In the entries below, find the line with "Living room of Flat for sale in Novelda" and the line with "UPS napajanje POWERWALKER". Repeat exactly everything between them, those two lines included, but not the pictures.
*** Opening of Materials provided ***
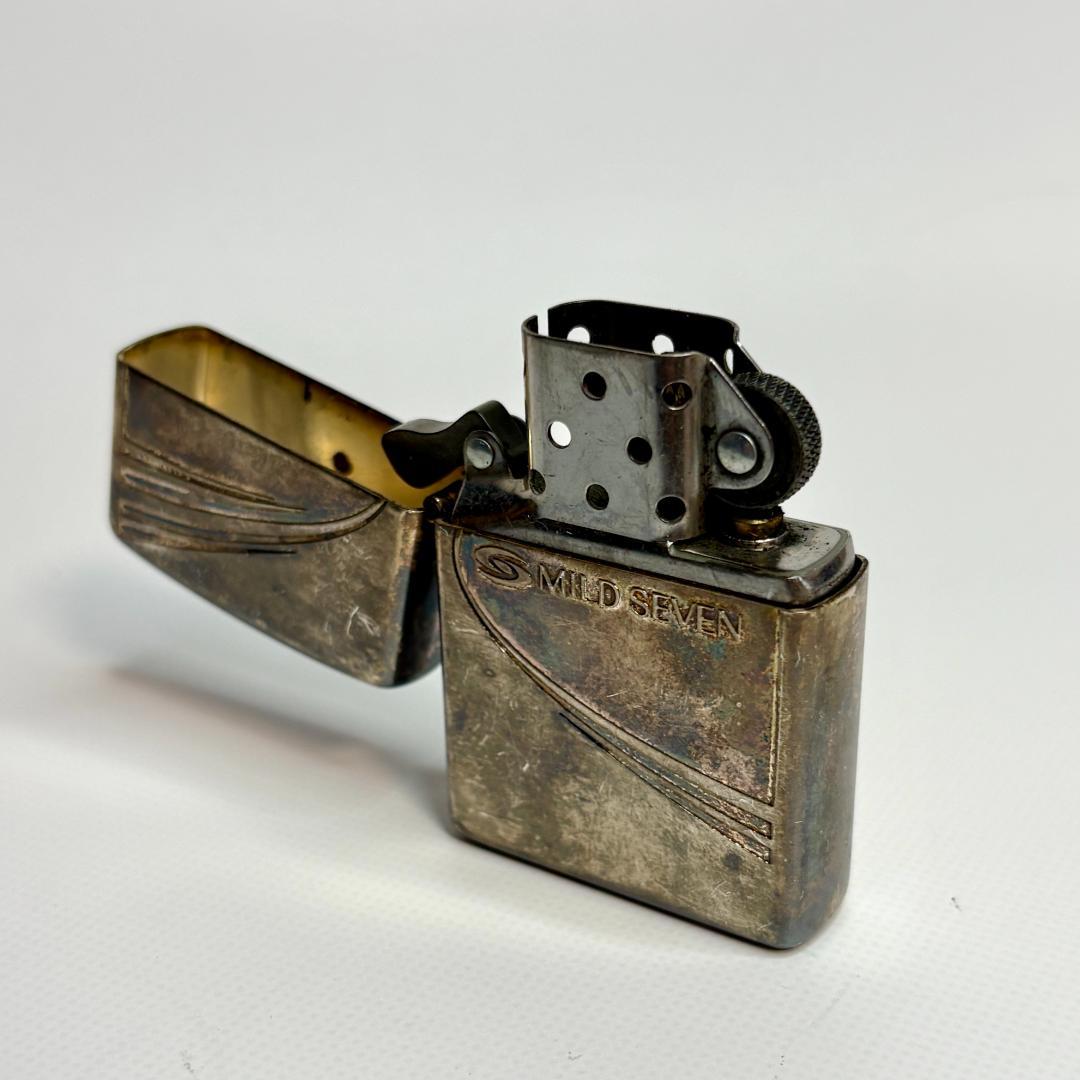 入手困難品　ジッポ　Zippo MILD SEVEN ライター　マイルドセヴン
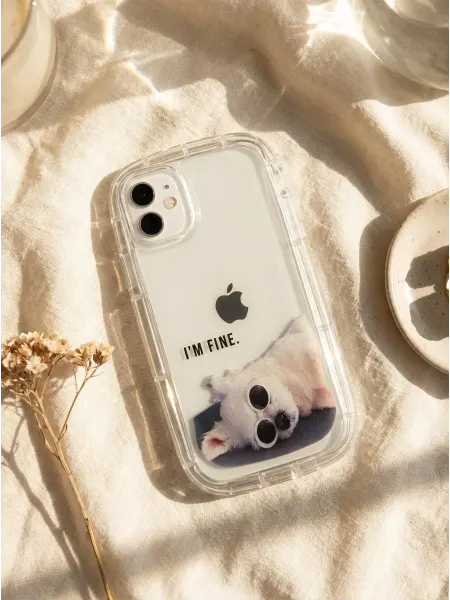 PurpleCloud Чехол на iPhone 11 с принтом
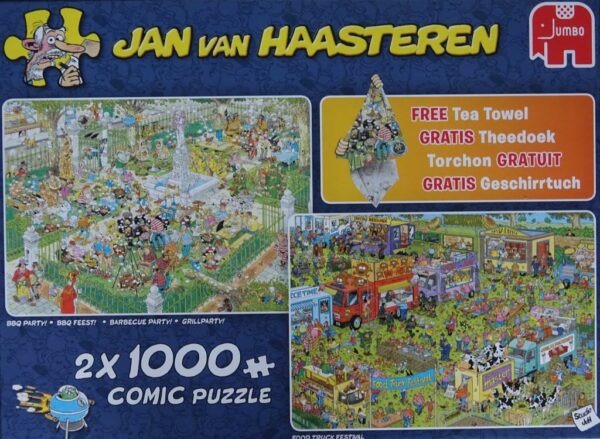 JvH: 2x 1000 BBQ Feest, Food Truck Festival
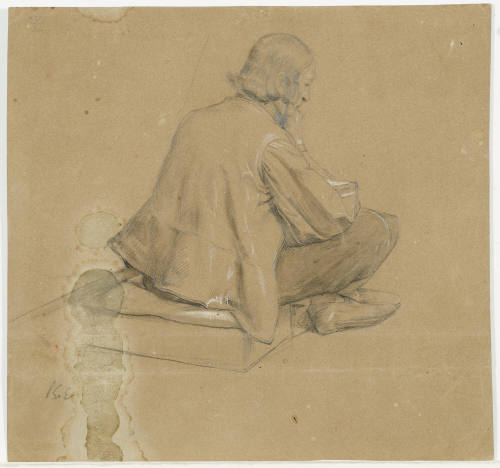 Seated Man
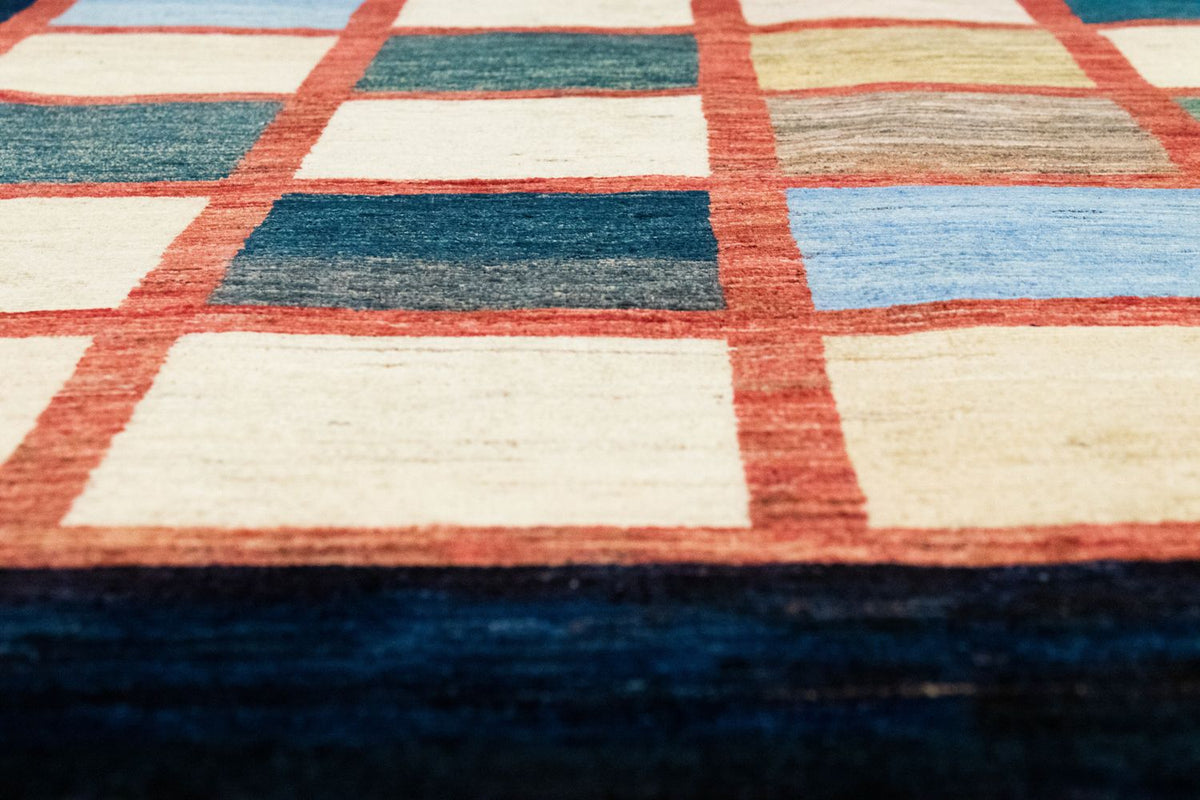 Ziegler teppich - Bachtiari 196 x 146 cm - blau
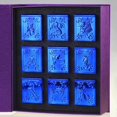 thumbnail image 2 of 9pcs/Set Saint Seiya Myth Cloth Pandora Box Poseidon Mud Carp BOX Marina Solent Kanon Baiane Sea Horse Kraken PVC Toy Model zhangmengya LED, 2 of 2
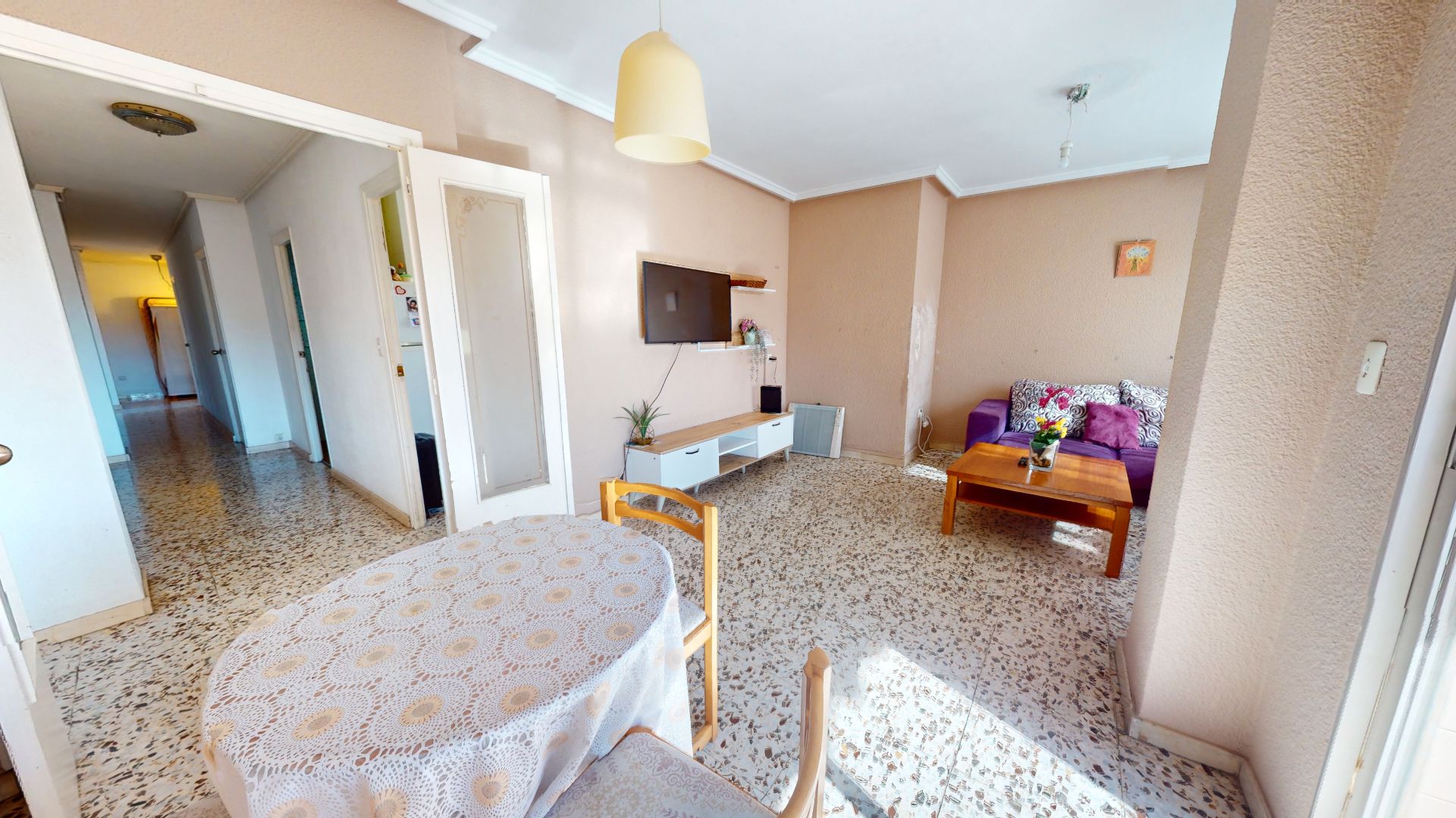 Living room of Flat for sale in Novelda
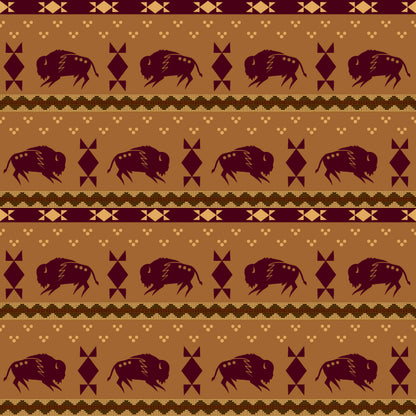Buffalo Design by Paula TopSky Houtz
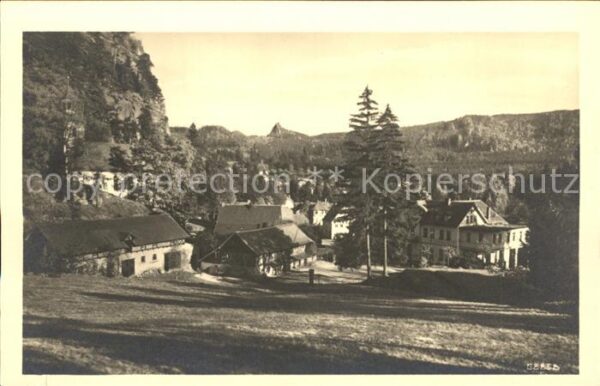 Oybin Zittauer Gebirge
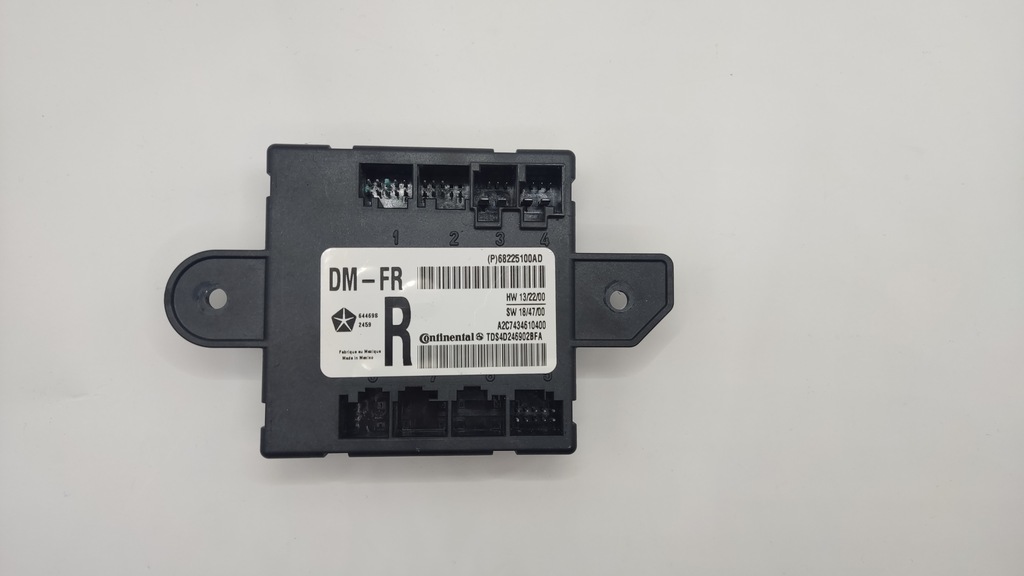 фото №1, Dodge ram 15- модуль дверь правый перед 68225100ad usa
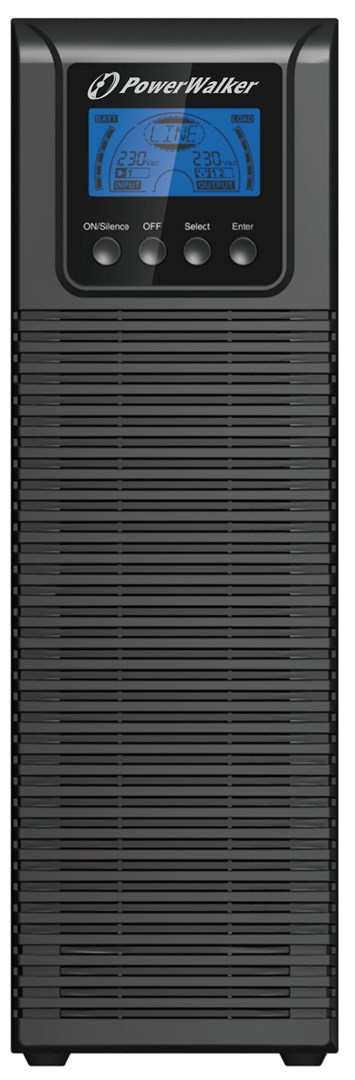 UPS napajanje POWERWALKER VFI 3000 TGS (3000VA/2700W, Online, Tower, LCD)-0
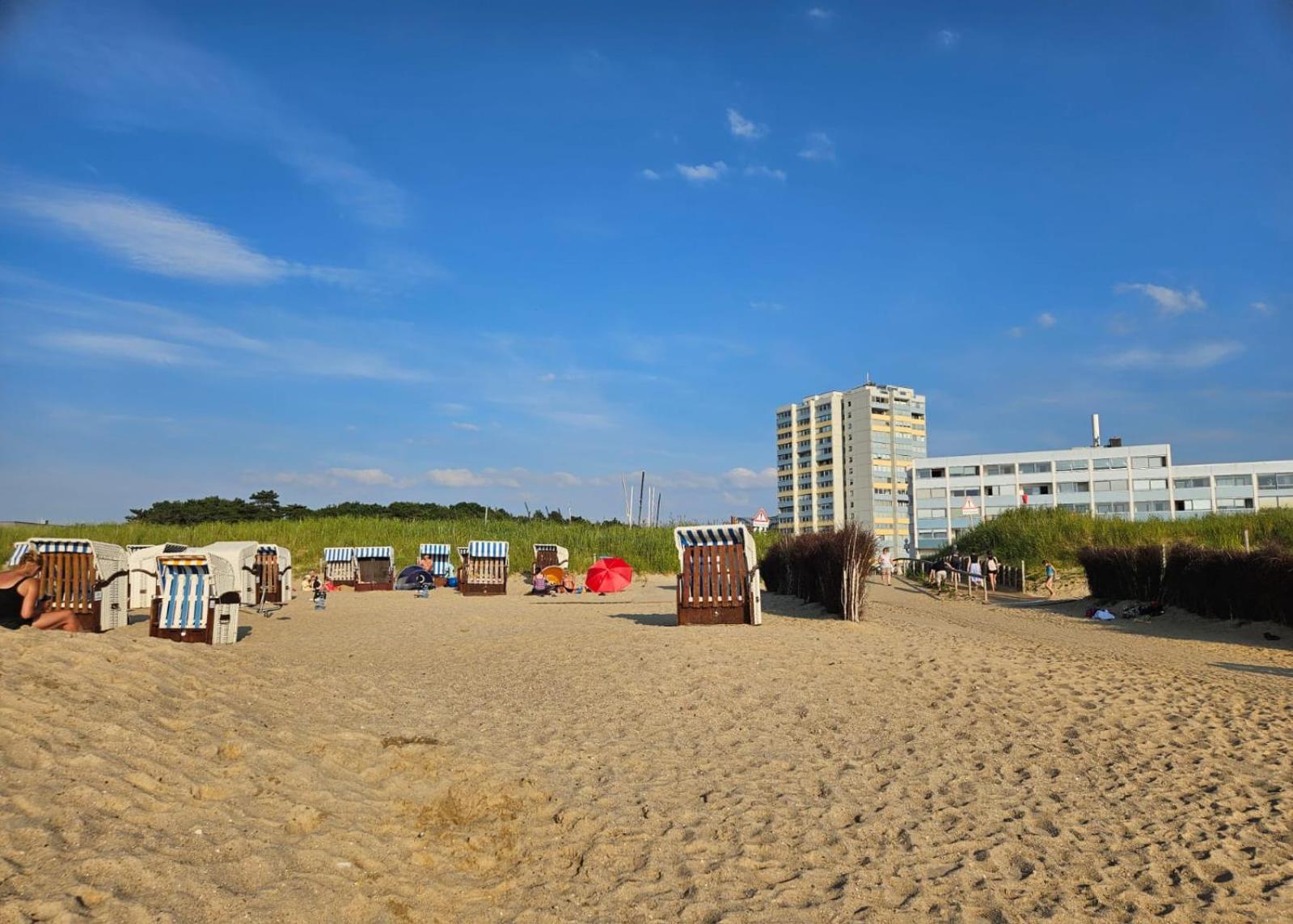 Fewo Cuxhaven/Nordsee Buitenkant foto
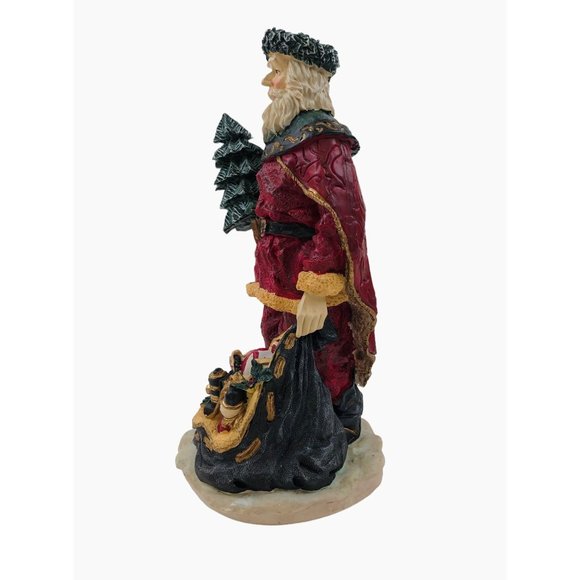 Windsor Collection Santa Collectible Victorian Christmas Bag Of Toys Figurine - Picture 8 of 8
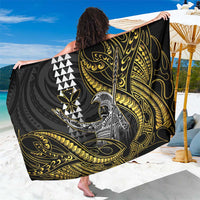 Hawaii King Kamehameha The Great Sarong Gold Tribal Tattoo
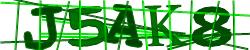 Darstellung des Captcha-Codes.
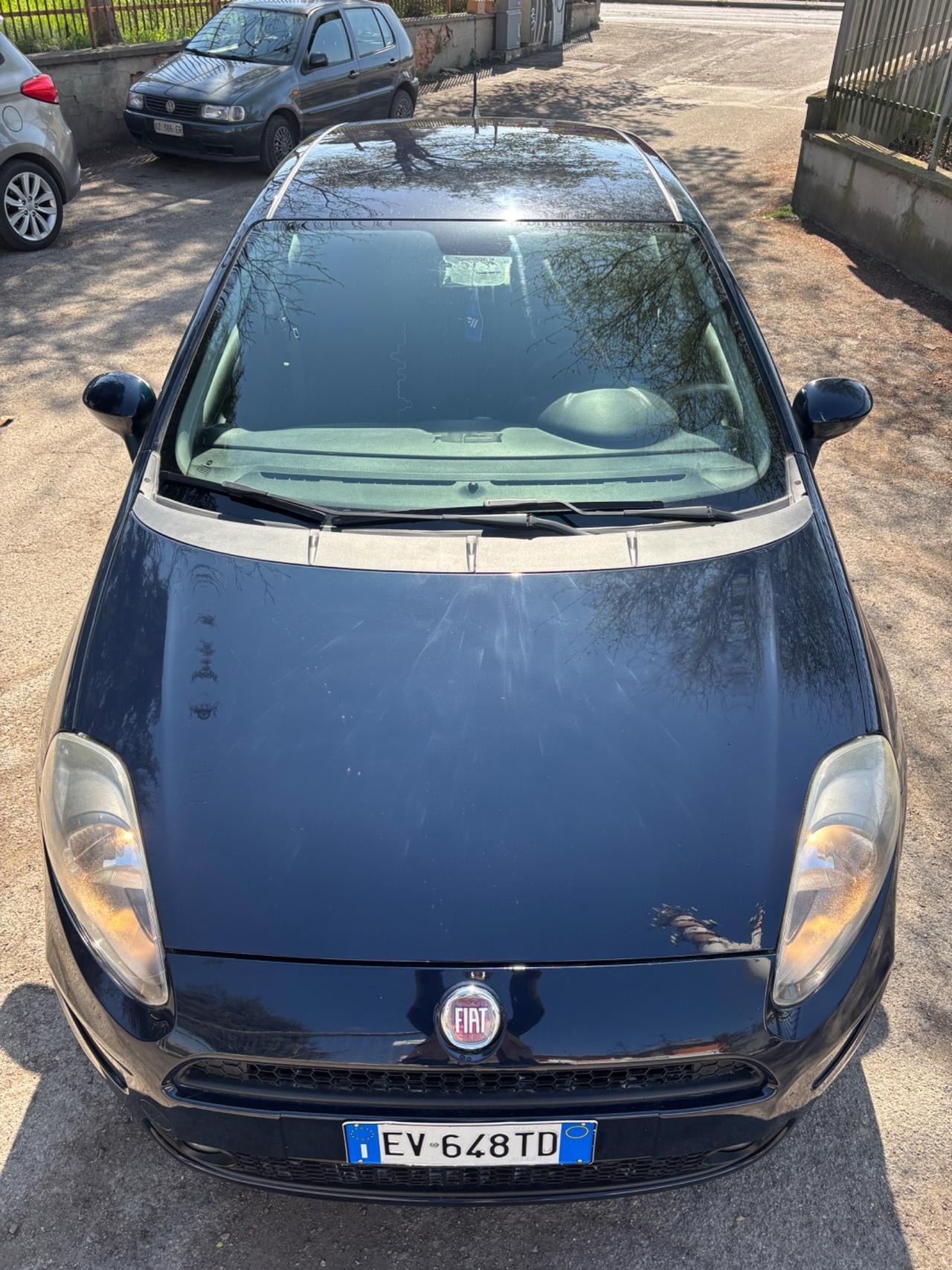 Fiat Punto 1.4 8V 5 porte Natural Power Lounge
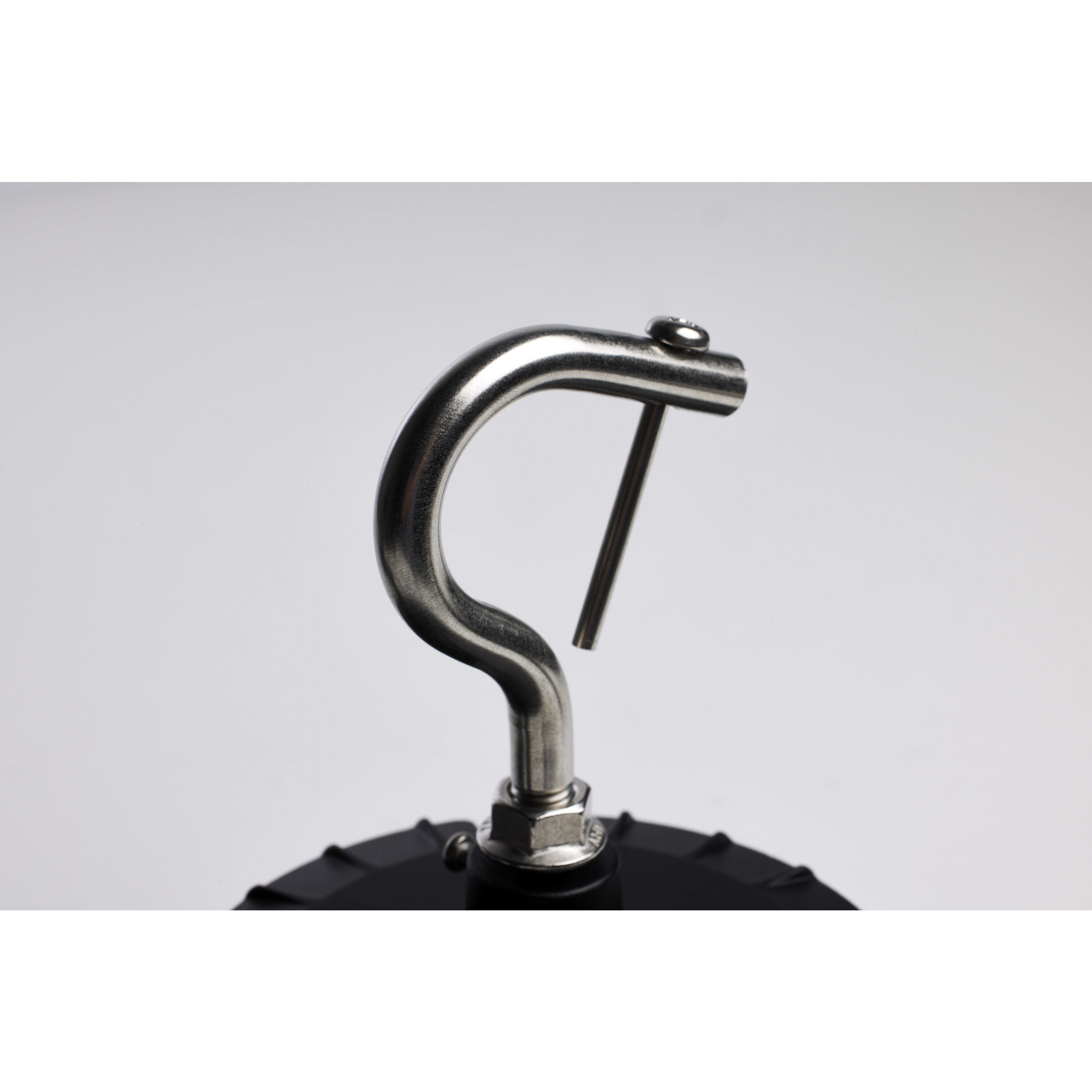 Brentwood LED 11.02 inch Black Hi-Bay Ceiling Light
*** Close of Materials provided ***
Solved exercise:
 Living room of Flat for sale in Novelda
Buffalo Design by Paula TopSky Houtz
 Oybin Zittauer Gebirge
 фото №1, Dodge ram 15- модуль дверь правый перед 68225100ad usa
 UPS napajanje POWERWALKER VFI 3000 TGS (3000VA/2700W, Online, Tower, LCD)-0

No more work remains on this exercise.